Japanese and foreign experts are stressing that there is only a very low risk of radiation contamination beyond a 20-kilometre exclusion zone, and say the accident does not compare to the Chernobyl disaster in 1986.
However, fears of radiation hold a terrifying grip in the only country to have suffered a nuclear attack, when US atom bombs in 1945 finally brought Japan to surrender in World War II.
The threat of a nuclear disaster carries a particular resonance for Ayako Ito, who at 84 is old enough to recall the dropping of the US bombs on the cities of Hiroshima and Nagasaki.
"The most difficult part is that you cant see it but people can just disappear like that," she told AFP at her hillside home in Kamaishi, one of the towns that bore the full force of the towering 10-metre (33-foot) tsunami.
"We're already not eating or drinking, and now this is happening to us? It's very difficult," she said.
A major international relief operation is under way for the homeless and millions left without water, electricity, fuel or enough food in Japan's northeast.
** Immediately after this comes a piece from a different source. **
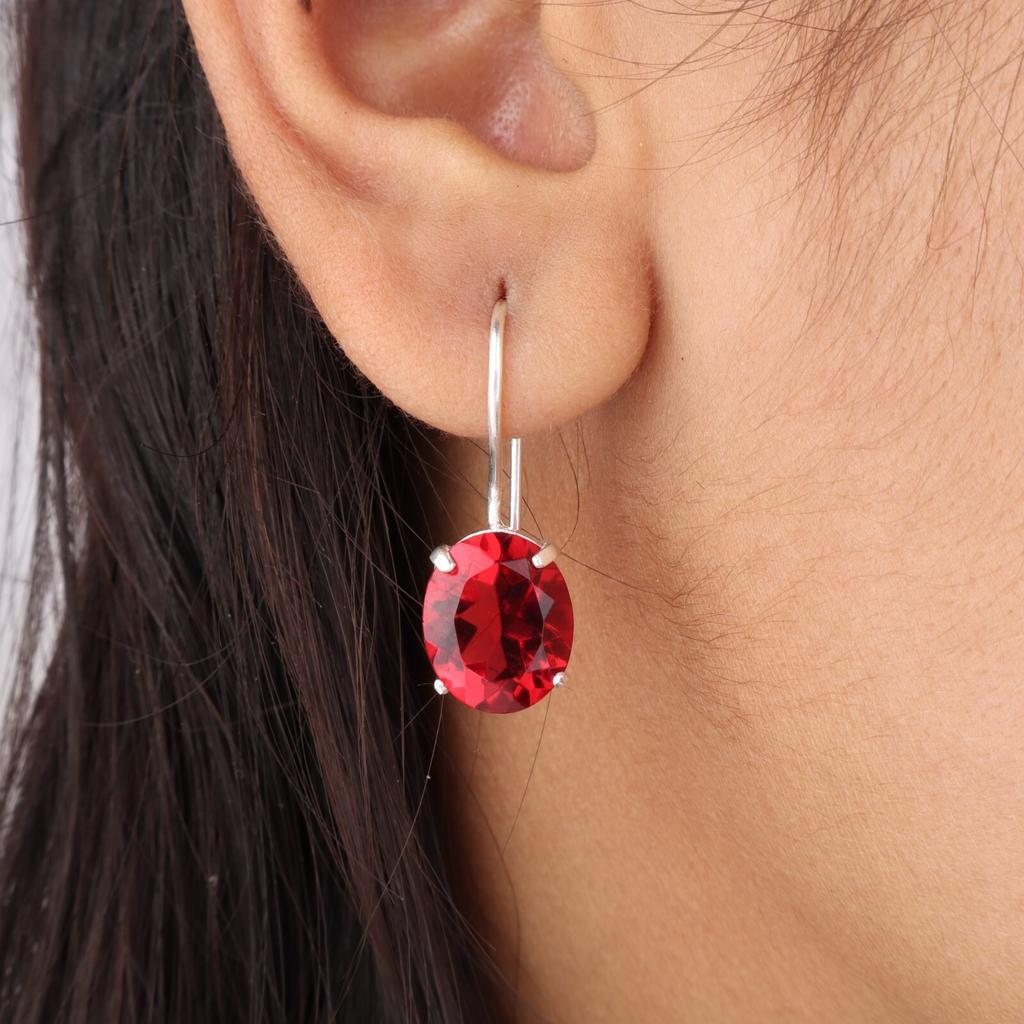 Pink Rubellite Gemstone 925 Sterling Silver Gift Jewelry Handmade Earrings 1.05" EE-173-2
Related article:Tsunami takes grim toll on Japan's elderly
But thick snow has covered the wreckage littering obliterated towns and villages, all but extinguishing hopes of finding anyone else alive in the debris and deepening danger and misery for survivors.
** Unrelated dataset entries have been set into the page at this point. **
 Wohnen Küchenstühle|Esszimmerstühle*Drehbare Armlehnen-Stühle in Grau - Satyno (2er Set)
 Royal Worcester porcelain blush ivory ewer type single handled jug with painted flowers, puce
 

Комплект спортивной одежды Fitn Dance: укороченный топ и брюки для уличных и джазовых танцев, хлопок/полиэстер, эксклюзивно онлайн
The absence of electricity in the affected areas means little access to television news and newspapers are very hard to come by. So news about the nuclear crisis is often turning into exaggerated and alarming rumour.
Many nations have shifted embassies out of Tokyo, and the mood grew jittery far afield from Japan, with panic-buying of iodine pills in the United States and Asian airports scanning passengers from Japan for radiation contamination.
The vast capital's usually teeming streets have been quiet, although some residents headed to work as usual. The city's neon glare is dimmed at night, in line with a power-saving drive forced by shutdowns at other atomic plants.
A moment of silence was observed at 2:46 pm on Friday, exactly one week after the earthquake struck.
Related article:Veteran rescuers stunned by Japan damage
At one emergency shelter in the town of Yamada, in ravaged Iwate prefecture, hundreds of elderly survivors quietly stood and bowed their heads. Many of them wore face masks and overcoats. Some wiped away tears.
The confirmed dead from the disaster makes it Japan's worst natural catastrophe since the 1923 Great Kanto Earthquake, which killed over 142,000 people in the Tokyo region.